T-SQL Tuesday: Code You Would Hate To Live Without

 

T-SQL Tuesday is a monthly blog party for the SQL Server community. It is the brainchild of Adam Machanic (b|t) and this month’s edition is hosted by Bert Wagner (b|t) who has asked us to “write about code you’ve written that you would hate to live without.”

Interesting.  I go into my toolbox of code/scripts every day.  All day long.  Oddly, most of the things I’ve written are simple things I don’t want to re-type, or are client specific (some going back to 2006 for a custom log shipping troubleshooting process…).  A great many of them are written by others…most often in my case I use things from Adam, Brent and Pinal.  Some are customized, most not.

Recently, I’ve been getting a lot of performance tuning work, much of which is basically “things are slow…can you fix them?” type of requests.  Most experienced DBAs know that there a few gazillion factors that can lead to this request, and I won’t re-hash them here.

Lets assume, that we’ve optimzed or eliminated the server, disks, network, etc. and were now looking at SQL code and everyone’s favorite – indexes.

I have two scripts I use that give me a quick overview of the type of work SQL Server is doing.   These complement each other, and are used AS A STARTING POINT to locate the low-hanging fruit that can be causing excessive work for the disks and memory of the server.

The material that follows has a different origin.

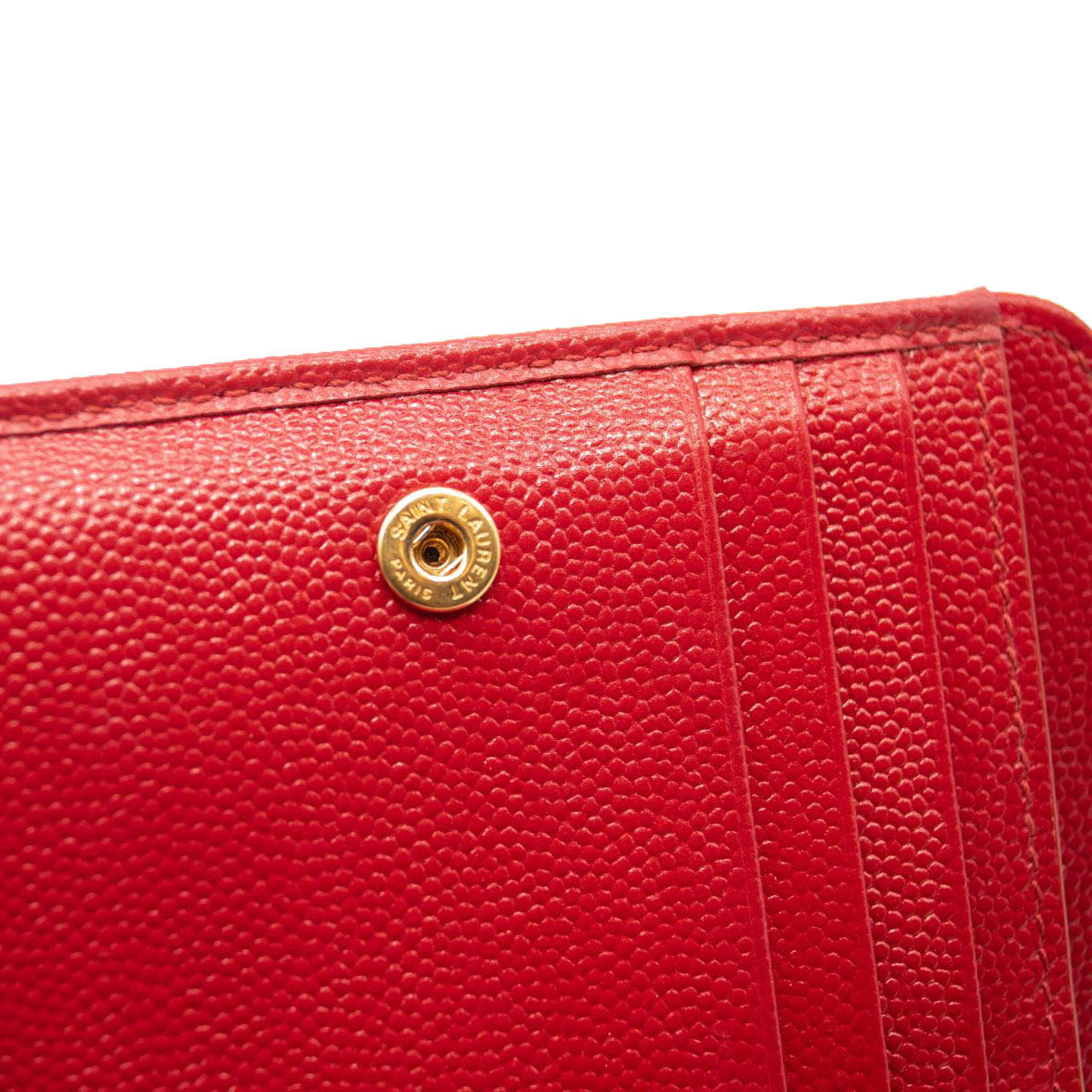 Saint Laurent Grain De Poudre Matelasse Chevron Monogram Compact Zip Around Wallet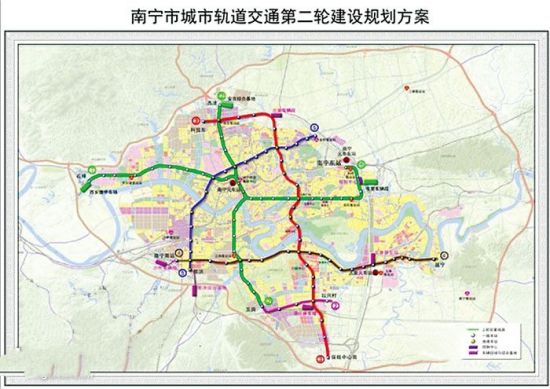 南宁地地铁路线规划图。来源：南国早报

First off – lets look at any HEAPS and Clustered indexes are getting full scans (this is not perfect info…just a starting point remember):

-- base query provided by Jonathan Fite:
-- https://dba.stackexchange.com/questions/210341/number-of-full-table-scans
-- Added sys.Partitions for rowcount, Imapct computed column, Where conditions and Sorting
-- Kevin3NF, https://dallasdbas.com

exec sp_MSforeachdb
'use [?]

--for just one database, choose the database context and simply highlight andrun the below query
SELECT
	db_name() 
	, S.name AS SchemaName
    , O.name AS ObjectName
    , I.name AS IndexName
    --, I.type AS IndexType
    , I.type_desc AS IndexType_Desc
    , IUS.last_user_scan
	, IUS.user_scans
	, p.rows
	, IUS.user_scans * p.rows as [Impact]
FROM sys.objects AS O 
    INNER JOIN sys.schemas AS S ON S.schema_id = O.schema_id
    INNER JOIN sys.indexes AS I ON I.object_id = O.object_id
    INNER JOIN sys.dm_db_index_usage_stats AS IUS ON IUS.index_id = I.index_id AND IUS.object_id = I.object_id
	JOIN sys.partitions p on p.object_id = I.object_id and p.index_id = I.index_id
WHERE 1=1 
	and I.type IN (0,1) --0=HEAP, 1=CLUSTERED (table)
	and IUS.user_scans > 5
	and p.rows > 1000
Order by 
	--IUS.user_scans desc
	--p.Rows Desc
	IUS.user_scans * p.rows DESC
'

When I run this in its entirety, I get a section of results for every database, for any scans returned by sys.dm_db_index_usage_stats. I can quickly scroll up and down that result set and eyeball any massive numbers for the database(s) in question, or all of them for the server as a whole.  In a sample server I have I found 2 databases with crazy numbers, so I copied the results for those two into Excel and sorted by the Impact column (which is just user_scans * rows):

Results worth Investigating

As you can see on DatabaseB there is a 27 million row table that gets scanned…a lot.  I know some of this is a daily copy from one DB to another…but not that many, so I need to go find out what else is causing these.  While I’ve been writing this, it has been scanned 2000 more times.  On DatabaseA, I have 3 tables I want to look into…2 of them due to sheer size of the tables and one because it is hit so frequently.  In the SQL Query results, the last_user_scan column shows current date and time for all of these…copying to Excel didn’t give me the time…just the date, but that is just a formatting issue.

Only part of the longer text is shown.